Now that it has been made considerably clearer what pathways are open to existing financial planners for upgrading educational qualifications before the January 1, 2024 deadline, the industry can perhaps finally start to think more deeply about what else needs to be done, including for ethics.

First, let’s quickly recap of the educational standards. Proposed guidance FASEA issued last week makes it look very much like the absolute toughest path – that is, for an existing planner who has no relevant qualifications –will require completing a two-year, part-time postgraduate diploma at Australian Qualifications Framework (AQF) Level 8, with perhaps a one-year, part-time postgraduate certificate necessary beforehand to gain entry into the diploma course.

The suggestion that all existing advisers must hold a bachelor’s degree has been taken off the table. In truth, it was never on the table, and the Minister for Revenue and Financial Services, Kelly O’Dwyer, has consistently said the new rules do not mean every existing adviser must go out and get a degree. But the spectre of three years of full-time or six years of part-time study has now officially evaporated as an excuse to oppose the new standard. Completing a two-year, part-time course within the next six years is a substantially less daunting prospect, notwithstanding the potential cost.

This clarity creates, we hope, a bit of headspace for thinking about ethics reforms. Most notably, a single code of ethics to apply to all financial planners.

It’s not the development of a code per se that is likely to be the biggest hurdle. FASEA could take an existing code off the shelf, so to speak, and approve it. It set a sort of precedent for that in the way it adopted the Financial Planning Education Council (FPEC) framework for degree courses for new entrants to the industry. There was simply no point reinventing that wheel (though the standard may be tweaked in future), and the same could be argued of a code of ethics.

Whatever code FASEA finally approves, by far the greater issues will be monitoring compliance and what happens when a breach is detected or reported.

Under the Corporations Amendment (Professional Standards of Financial Advisers) Act, advisers’ compliance with the code of ethics must be monitored by an entity known as a monitoring body (there are no prizes for creative writing in the drafting of legislation).

A monitoring body must be approved as fit-for-purpose by the Australian Securities and Investments Commission (ASIC), and it cannot be a licensee or an associate of a licensee. (In fact, if a licensee is a “relevant provider”, as defined in the act, then they’ll be subject to the code themselves.)

The only code-monitoring body ASIC has ever approved is the Financial Planning Association (FPA), in relation to the association’s ongoing fees code, which FPA members can choose to comply with in preference to abiding by the letter of the Future of Financial Advice (FoFA) opt-in requirements.

The code of ethics represents a big step up in scale. Monitoring the compliance of a small number of advisers who voluntarily choose to comply with a code that covers only a small portion of their overall legal obligations is one thing; it is another thing altogether to monitor thousands of advisers’ compliance with a compulsory code of ethics that touches on every client interaction they have.
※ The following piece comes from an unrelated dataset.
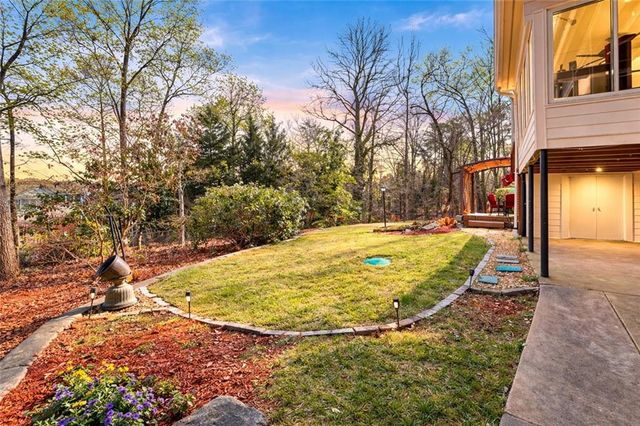 5027 Castlewood Drive SW, Lilburn, GA 30047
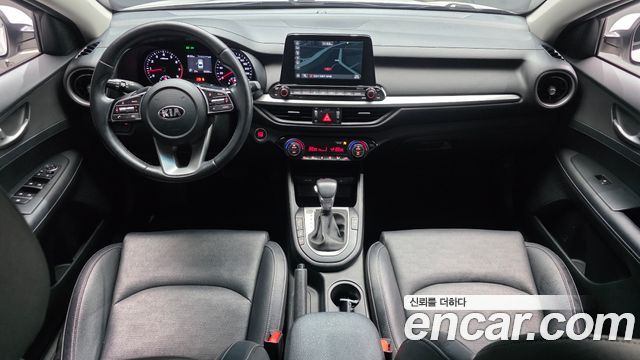 Kia K3 — interior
Most industry associations simply lack the resources and expertise to be approved as a code-monitoring body. Any existing association that today applied for such ASIC approval would fail. So right away there are a couple of issues that need to be sorted out. Where are the code-monitoring bodies going to come from?  Which (if any) existing associations might choose to tool-up for approval?

And who, by the way, is going to pay for it all?

Breaching the FASEA-approved code and falling foul of a monitoring body is potentially a serious issue. Whereas an industry association might expel a member for breaching its code egregiously enough, it can’t prevent a former member from practising as an adviser. An ASIC-approved monitoring body, in contrast, has the weight of the law behind it.

In short, there’s a bit more to implementing an industry-wide code of ethics than initially meets the eye. And the deadline for compliance with the code is January 1, 2020. It’s just over two years away. That’s why the industry players – advisers, licensees, industry bodies, the regulator, FASEA and potential monitoring bodies – need to start talking to one another now about how it all might work.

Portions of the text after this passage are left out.